* **Exercise requirements**
Please produce an exact transcription of the lines from the one containing "Chalkboard Dog Grooming" through the last line of the entries, leaving out every picture.

Crawled caption data
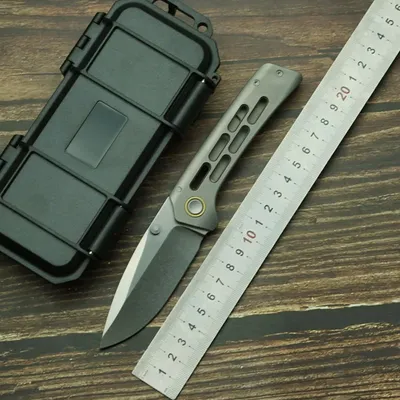 LEMIFSHE Customized New Folding Knife 100% D2 Blade Titanium Alloy Handle Outdoor Camping Kitchen Survival Pocket EDC Tool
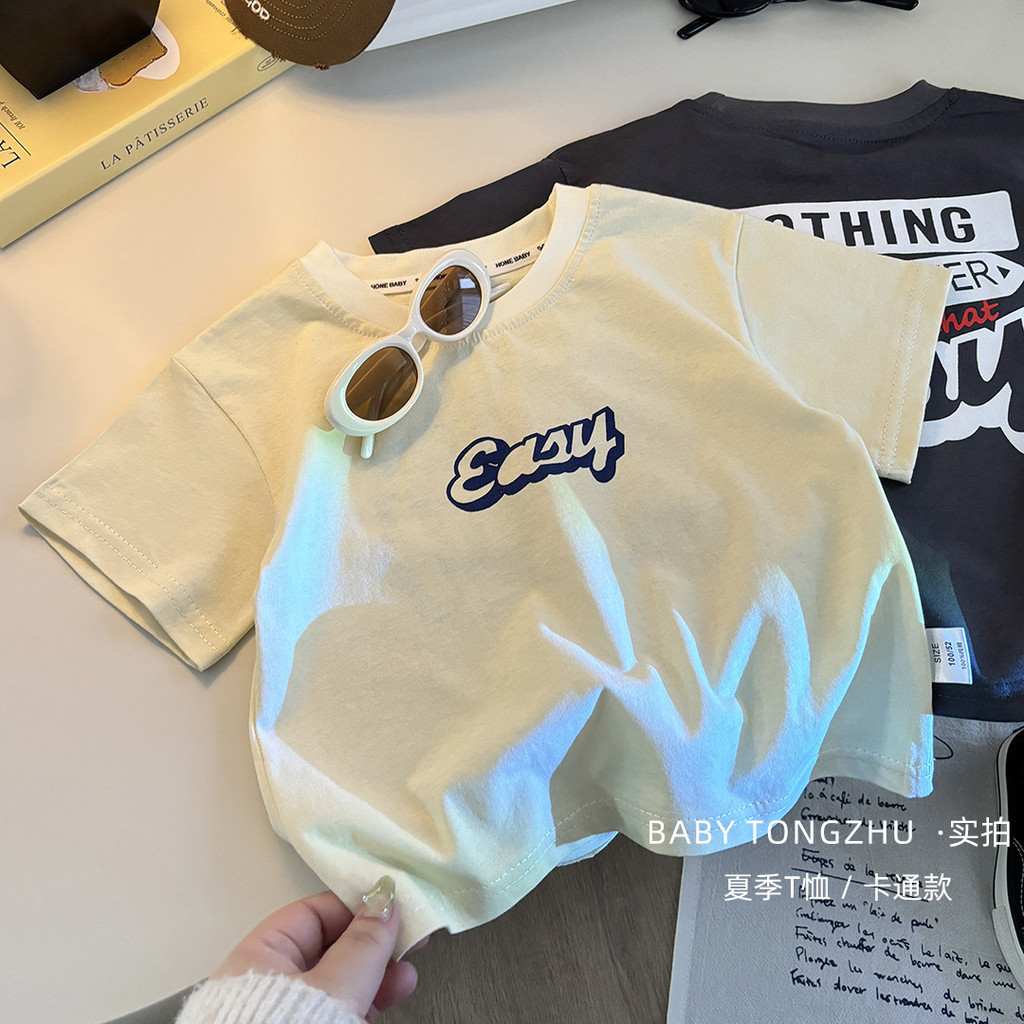 [100% Cotton] Áo thun ngắn tay Cotton nguyên chất mùa hè dành cho trẻ em Phiên bản Hàn Quốc Áo thun Cotton thời trang phù hợp cho bé trai bé gái thông thường 73.-140 Size WVJR
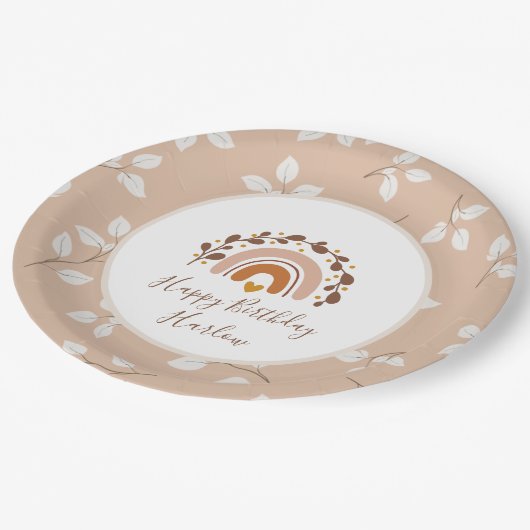  Boho Rainbow Happy Birthday Borden Papieren Bordje (Gekanteld)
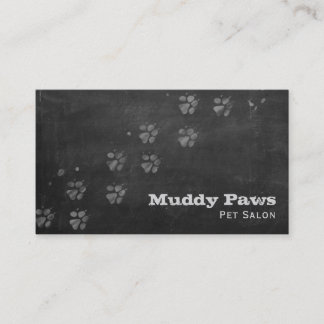 Chalkboard Dog Grooming Services Business Card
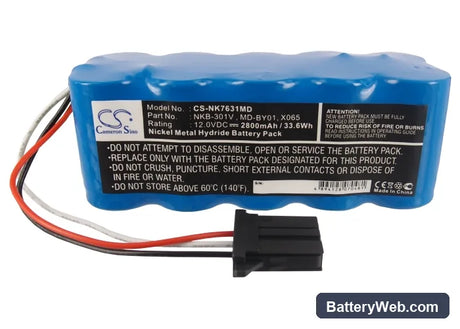 Nihon Kohden Cardiolife 7621K Replacement Battery, 12V, 2800mAh, Ni-MH 5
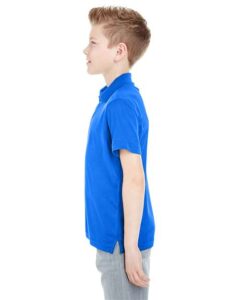 UltraClub 8210Y Youth Cool & Dry Mesh Piqué Polo – Royal (on model side)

* **Reply to the task**
 Chalkboard Dog Grooming Services Business Card
 Nihon Kohden Cardiolife 7621K Replacement Battery, 12V, 2800mAh, Ni-MH 5
 UltraClub 8210Y Youth Cool & Dry Mesh Piqué Polo – Royal (on model side)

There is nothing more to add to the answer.